My Guidelines for Combining Applications
Audience: All
Date: November 4, 2002
Here are some of my guidelines for combining applications when
consolidating servers. The goal is to reduce the total cost of ownership.
This includes not only hardware costs, but also software, facilities and
administration. So the guidelines lead to a lower costs, but not
necessarily a technically optimum solution.
Combine applications that
- Stress different system resources. (Combine a CPU intensive with an I/O intensive application)
- Have similar service levels (backup, maintenance windows)
- Use same authentication methods (mixing methods on one server can cause problems)
- Have peak utilizations at different times
- Provide the same functionality (ie more than 2 DNS, or application servers)
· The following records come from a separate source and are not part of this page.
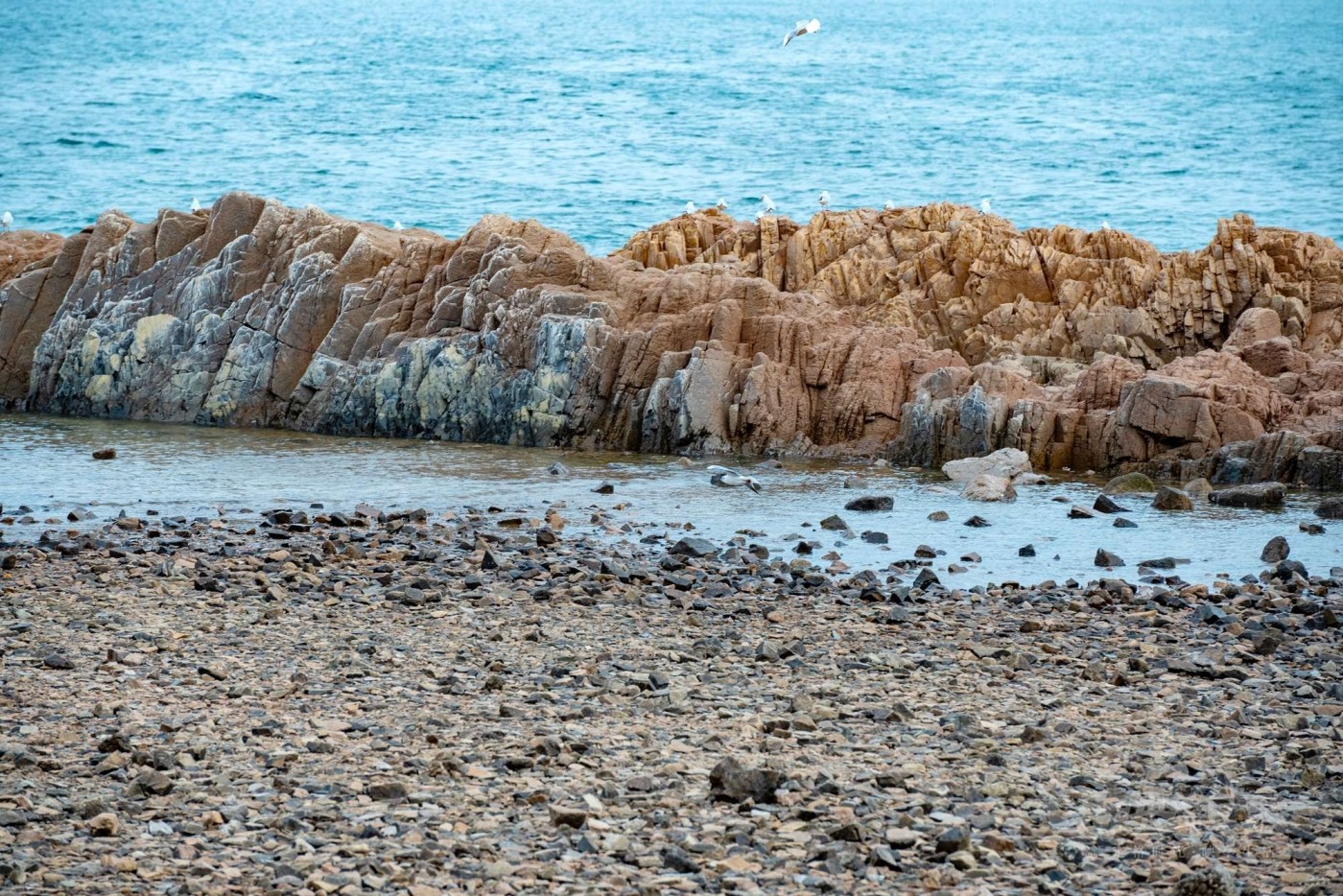 DSC_5435.JPG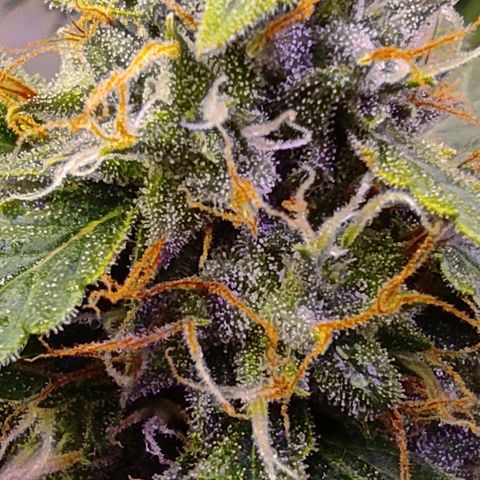 Горила авто  growlog timeline photo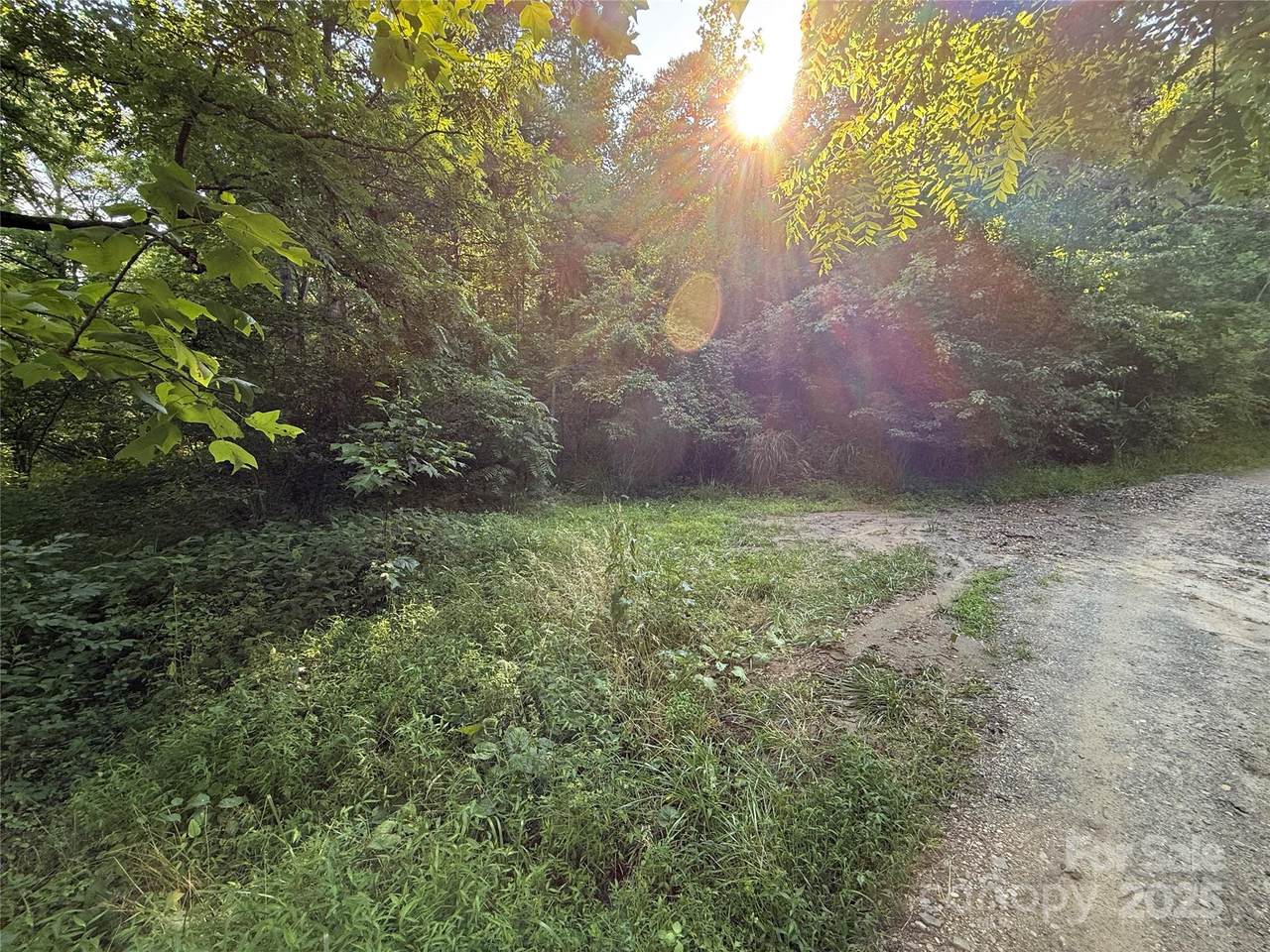 45 Wilde Hollow Drive - Photo 1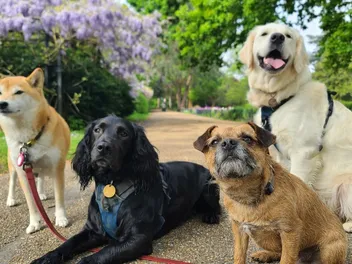 How Many Dogs Is Too Many? 6 Vet-Reviewed Considerations & Advice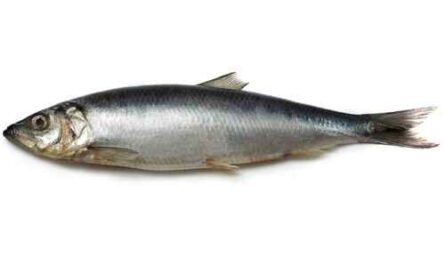 Atlantischer Heringsfisch: Eigenschaften, Ernährung, Zucht und Verwendung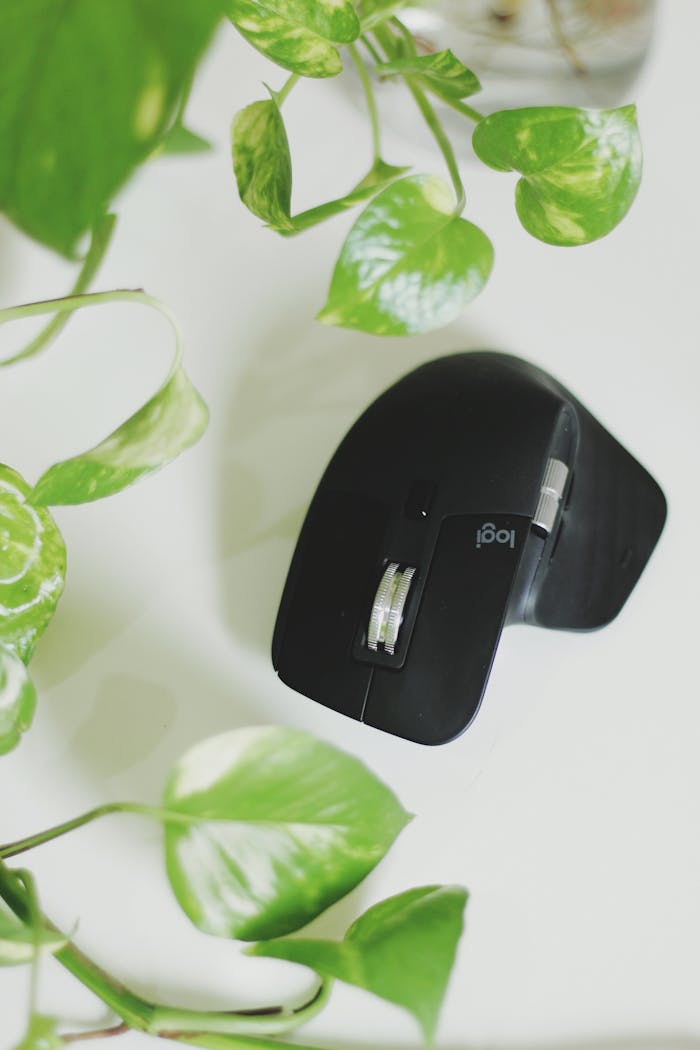 Close-up of a wireless mouse surrounded by green leaves on a white surface.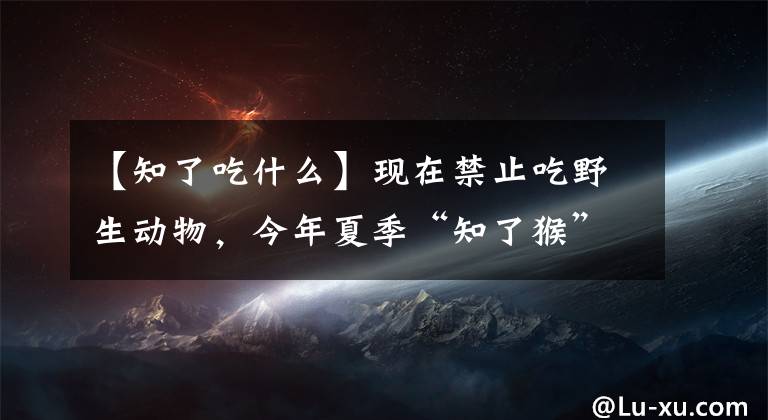 【知了吃什么】现在禁止吃野生动物，今年夏季“知了猴”还能吃吗？有危害吗？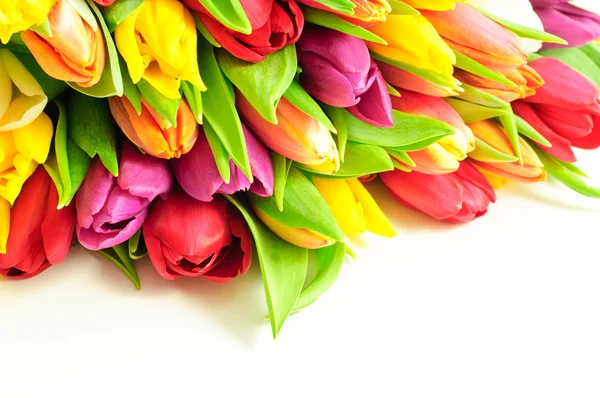 Tulpen mischen Regenbogenfarben auf weißem Hintergrund flach — Stockfoto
- Use HACMP. Consolidating 2 clusters (each having a primary/backup server) to 1 cluster, eliminates 2 servers.
- Use 1:1 HACMP clusters (one primary, one backup). Use n:1, multiple primaries, one backup.
- Have multiple components. Client/server became popular when a single server didn't have enough performance to run both application and database. No longer true today.
Avoid combining applications that
- Have high maintenance requirements
- Are unstable (ie memory leaks, frequent reboot)
- Have incompatible OS/patch requirements
- Have large nightly, month end processing requirements
Suggestions
- Co-locate data that use the same database engine. Run multiple instances. Potential for large database cost savings
- Target 60-70% utilization on servers with multiple applications. Peaks tend to be smaller running multiple applications. This is because individual applications utilize less of the overall capacity. (ie if an application averages 10%, peaks at 20%,
- theoverall impact is smaller. ) Use AIX's work load manager to minimize peak contention.
- Run sequentially large batch jobs that contend for the same resources. Can reduce "wall clock time".
- Standardize hardware, applications, and databases. Reduces maintenance, training, support.
- Improve availability. Combining applications will help justify high availability in situations where an individual application doesn't justify HA.
Again, these are guidelines. Every situation is different.
Use your best judgement.
Bruce Spencer,
baspence@us.ibm.com
Feedback
11/8/02
There are a few other considerations that may impact your ability to consolidate workload:
Security Issues
- Does the application live outside of a firewall, on a DMZ or another restricted network?
- Does the application require support by an outside 3rd party? If they need to dial into the box, you probably want to isolate them.
- Does the application have highly confidential data such as payroll information that you want to keep isolated?
- Does the application required UNIX shell accounts that could compromise security? I have seen passwords appear as part of the ps output.
Other
- Is the application growing in a significant way? If large growth is expected, let it stabilize before combining with out workloads?
- Does the application require kernel extensions to operate? These run as root and if not written well can cause outages.
- Does the application have hard coded path names, TCP/IP ports, or shared memory segments? These need to be considered.
- Are there multiple instances of an application for availability reasons? For example, you would most likely not combine multiple DNS servers as you want more than one for redundancy purposes.
- Will the ISV support the application if it is on the same server with other workload?
- Are there any contractual or legal issues that force applications to be separate? This may be the case for service bureaus.
- Does the cost of an outage hit the business hardware than the potential savings from consolidating workload?